Since the pork loin was basically cooked (more on that later), all I needed to do was warm it up. I figured I would start with the asparagus, because the recipe says it can be served at room temperature, so I knew I could let is sit while I warmed up the pork loin. I cut off the hard ends of the asparagus, placed the spears in two layers a shallow glass dish, drizzled them with olive oil, and sprinkled on some salt and pepper. The asparagus went into a 450 degree oven for 10 minutes, after which I spooned the parmesan-bread crumb mixture on top. The recipe doesn’t say how much parmesan cheese and bread crumbs to use to make the topping, so I mixed together two tablespoons of each, which worked out perfectly. I then put the asparagus under the broiler for about 2 minutes and put the dish aside while I worked on the pork.

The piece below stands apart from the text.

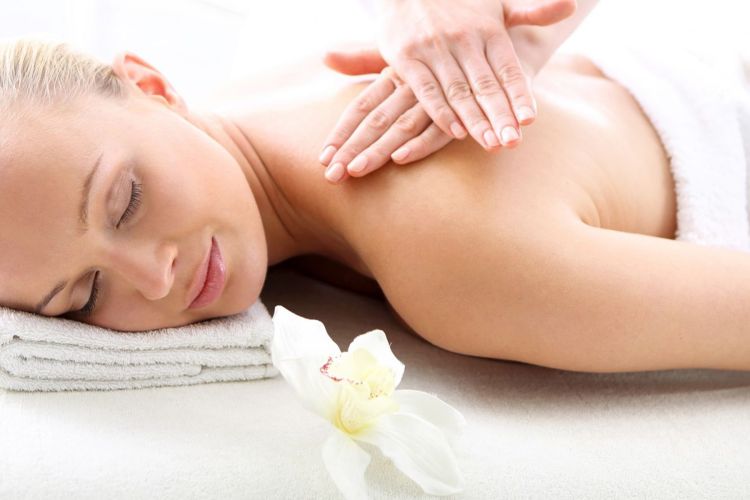 Massage bien-être au spa de l’Hôtel Le Spinaker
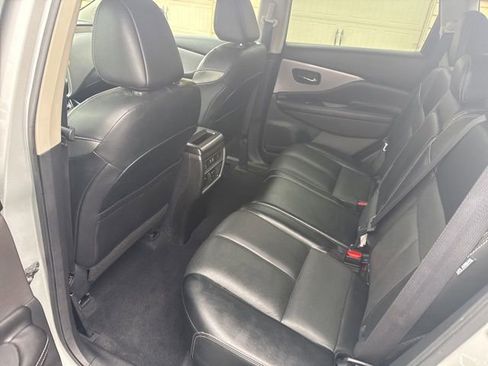 Used 2021 Nissan Murano SL w/ SL Moonroof Package FWD image 15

The leftover pork has a bit of a back story. We made it for my parents, who we had invited over for their anniversary. I planned to use a pork  tenderloin, like when we made Chili-Glazed Pork with Sweet Potato Hash or Fig Balsamic Roasted Pork Tenderloin and Sautéed Brussels Sprouts with Pancetta, because pork tenderloin is so easy to cook: just 10 or 15 minutes under the broiler and it’s done. I couldn’t get a pork tenderloin, so I got a pork loin instead. I knew the pork loin would take much longer to cook, but I figured I would just start cooking earlier; it was a Saturday, so we had time. The pork loin, however, took what seemed like forever; I think I said “I think it probably needs just 10 more minutes” about four times! Fortunately I had cut the pork loin into two pieces, and when the smaller piece was done, I took both pieces out of the oven, sliced and served the cooked one and sliced and froze the under-cooked one. We had dinner at a reasonable time, but I learned a valuable lesson: pork loin and pork tenderloin are both tasty pig parts, but they are very different tasty pig parts.

So, for tonight I put the pork in a 350 degree oven for about 20 minutes to finish cooking. This proved to be a bit longer than needed, so the pork was a little dry, but it was still pretty good.

The asparagus, however, we cooked perfectly: bright green and still crunchy. The parmesan-bread crumb topping was a nice touch, but I think nice time, as the recipe suggests I’ll use more coarsely ground bread crumbs and mate even shaved (versus grated) parmesan. We paired this up with dry Riesling for a nice Thursday night dinner.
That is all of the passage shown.